Metadata for Multimedia

Ramesh Jain writes:

Text is effectively one dimensional though it is organized on a two-dimensional surface for practical reasons. Currently, most meta data is also inserted using textual approaches. To denote the semantics of a data item, a tag is introduced before it to indicate the start of the semantics and another closing tag is introduced to signal the end. These tags can also have structuring mechanisms to build compound semantics and dictionaries of tags may be compiled to standardize and translate use of tags by different people.

When we try to assign tags to other media, things start getting a bit problematic due to the nature of media and the fact that current methods to assign tags are textual. Suppose that you have an audio stream, may be speech or may be other kind of audio, how do we assign tags in this? Luckily audio is still one dimensional and hence one can insert some kind of tag in a similar way as we do in texts. But this tag will not be textual, this should be audio. We have not yet considered mechanisms to insert audio tags.

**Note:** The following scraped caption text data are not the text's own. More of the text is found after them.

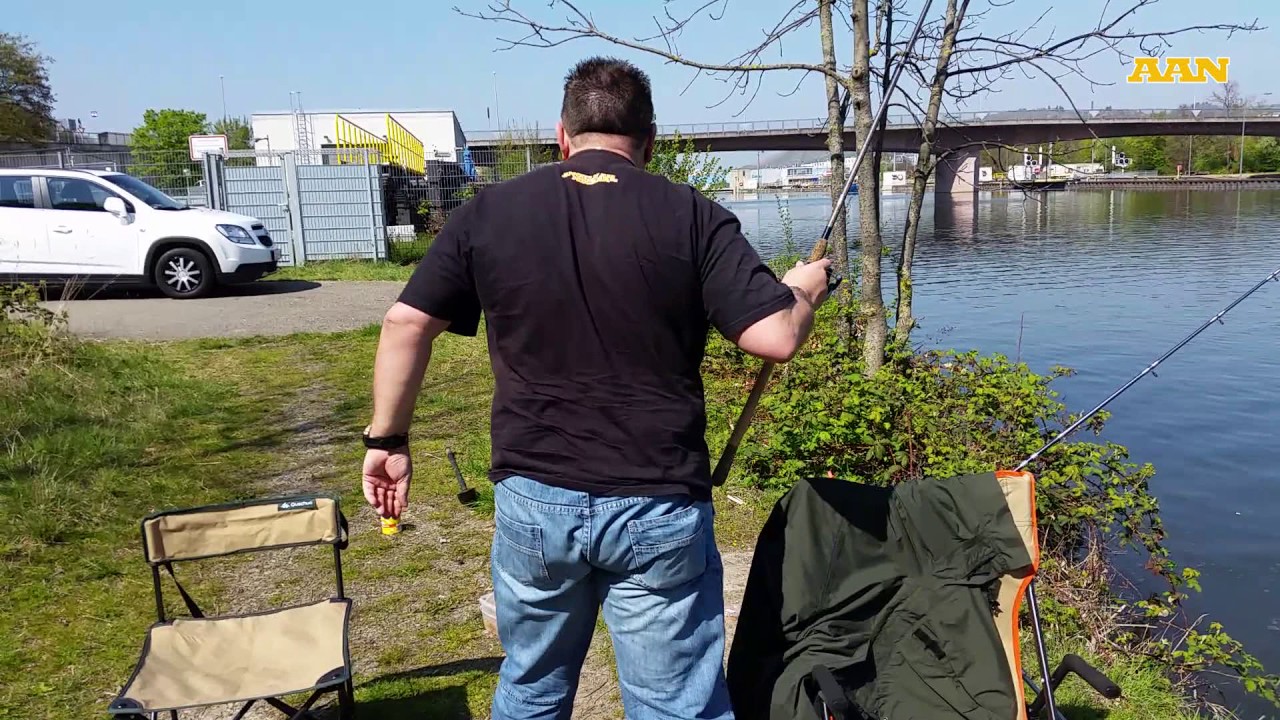 Method  Feedern mit Marco und Raimond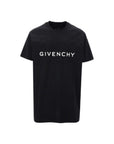 Givenchy T-Shirt Logo Black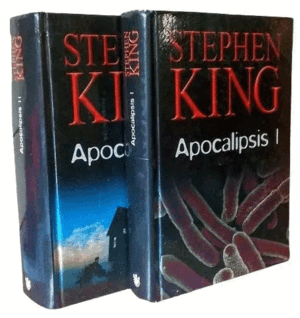 APOCALIPSIS (LIBRO I Y II / TAPA DURA)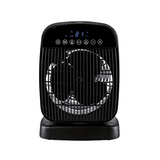 Quạt sưởi Silvercrest SHLF 2000 E4 2000W màu đen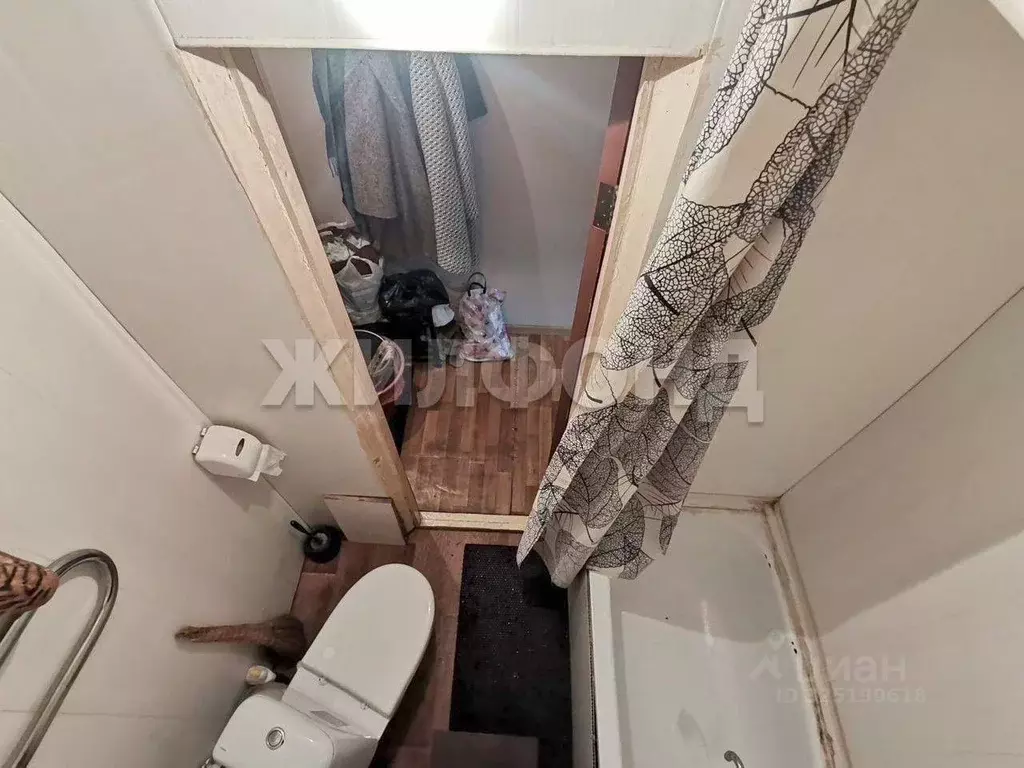 Студия Томская область, Томск Железнодорожная ул., 7А (12.0 м) - Фото 2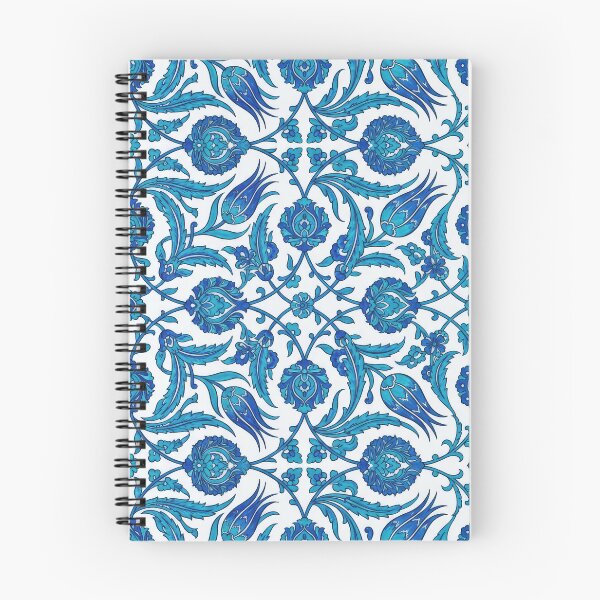 Item preview, Ottoman Iznik Tiles designed and sold by TontikDesign.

I believe that we can utilize meta data for multimedia data. But the beauty of the multimedia data is that it brings in a strong experiential component that is not captured using abstract tags. So techniques needs to be developed that will create meta data that will do justice to multimedia data.

Diego adds:

The problem is not just one of metadata creation, but of metadata access.

Metadata is inevitably thought of as “extra tags” because, first and foremost, our main interface for dealing with information is still textual. We don’t have VR navigation systems, and voice-controlled systems rely on Voice-to-Text translation, rather than using voice itself as a mechanism for navigation.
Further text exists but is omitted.